La remise en place de toutes les verrières de la Sainte-Chapelle sera achevée en 2013. 

S. V.

La Sainte-Chapelle : des chiffres
Hauteur de l’édifice sans la flèche : 42,50 m
Hauteur de la flèche
(restitution de Lassus) : 34 m
Longueur de la nef : 33 m
Hauteur sous voûte : 20,5 m
Surface vitrée : 750 m2
Verrières : 15 (datant du xiiie siècle,
dont 4 grandes de 15,35 m de hauteur)
Panneaux figurés : 1 113
(dont les deux tiers en verre d’origine)

Le planning budgétaire
En 2008 a été lancé le projet architectural de la restauration des verrières de saint Jean l’Évangéliste et l’enfance du Christ, du Livre d’Isaïe et du Livre des Juges, et les restaurations elles-mêmes ont commencé. Parallèlement, on a réalisé l’étude préalable à la restauration de la grande statue de l’archange saint Michel, qui domine la Sainte-Chapelle. Cette première étape a été budgétée à 2 millions d’euros. La deuxième phase, couvrant l’année 2009, comprend la restauration et la remise en place de l’archange, le lancement de la restauration de la verrière du Livre des Juges, qui est achevée ce mois-ci, ainsi que le projet technique pour le Livre de Josué, le Livre des Nombres, l’Exode et la Genèse. Le budget de cette phase s’élève à 2 millions d’euros également. Cette année, en 2010, on a lancé les travaux sur le Livre des Nombres et le Livre de Josué, pour 3 millions d’euros. En 2011, on se penchera sur le cas de l’Exode, pour 1,5 million d’euros, puis, enfin, en 2012, la verrière de la Genèse sera elle aussi restaurée, pour 1,5 million d’euros. Tout sera fini en 2013. Le budget total s’élève donc à 10 millions d’euros, financés à hauteur de 50% par les Fondations Velux.
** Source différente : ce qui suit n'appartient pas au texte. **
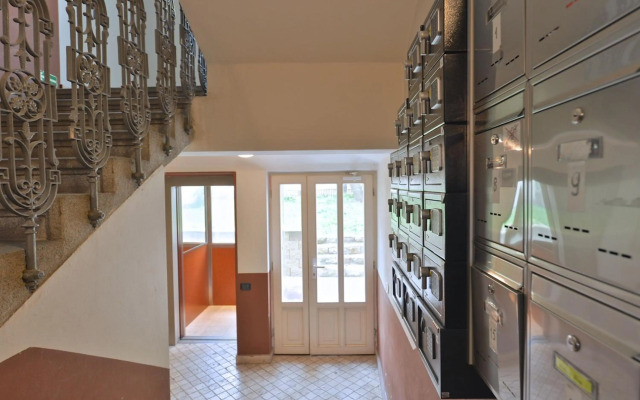 Party Underground with Pooltable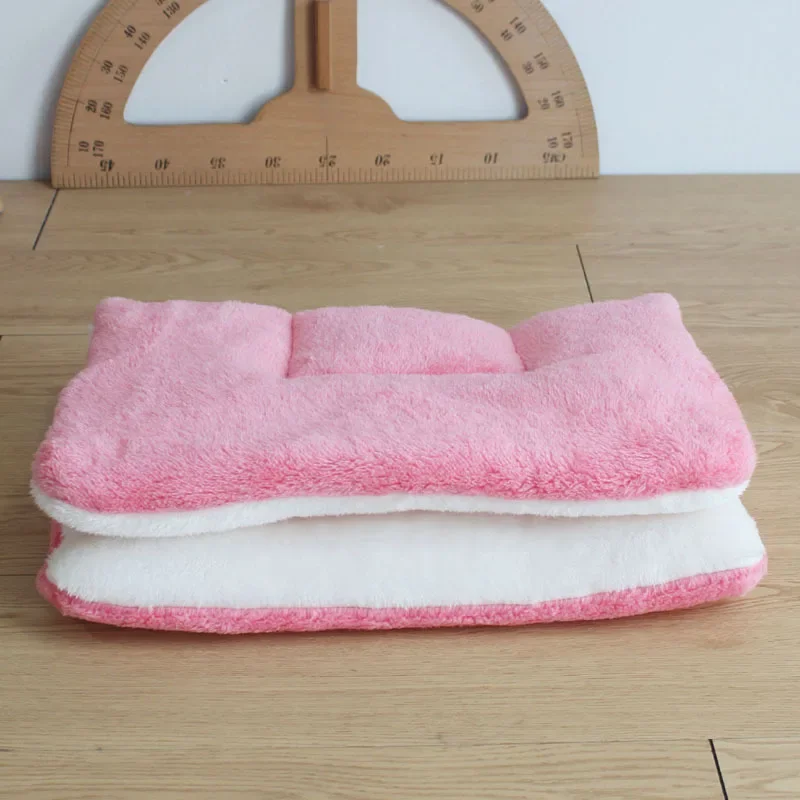 Flannel Pet Mat Dog Bed Cat Bed Thicken Sleeping Mat Dog Blanket Mat For Puppy Kitten Pet Dog Bed for Small Large Dogs Pet Rug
Sauvé grâce à Victor Hugo !
Au xixe siècle, époque à laquelle les intellectuels et le public français commencent à s’intéresser enfin sérieusement au patrimoine et à se rendre compte des incroyables ravages perpétrés par les folies révolutionnaires, la Sainte-Chapelle était dans un état assez pitoyable : sa flèche avait été abattue, les nombreuses sculptures avaient été vandalisées ou carrément brisées, le beau mobilier avait été dispersé aux quatre vents, et les vitraux avaient subi de nombreux dommages. Certaines parties étaient même cassées. Ce fut Victor Hugo, immense écrivain et farouche défenseur de l’art médiéval – comme tout le mouvement romantique français et anglais – qui s’en émut. Il s’aboucha avec Jean-Baptiste Lassus, alors jeune architecte, et tous deux firent campagne pour la restauration du monument, dès 1835. L’affaire fut couronnée de succès : un grand chantier s’entama, piloté par les architectes Lassus, Duban et Boeswillwald, supervisés par Viollet-le-Duc. Les travaux durèrent trente ans et sont encore aujourd’hui considérés comme « un symbole de l’histoire de la restauration monumentale de notre pays », selon les termes du CMN.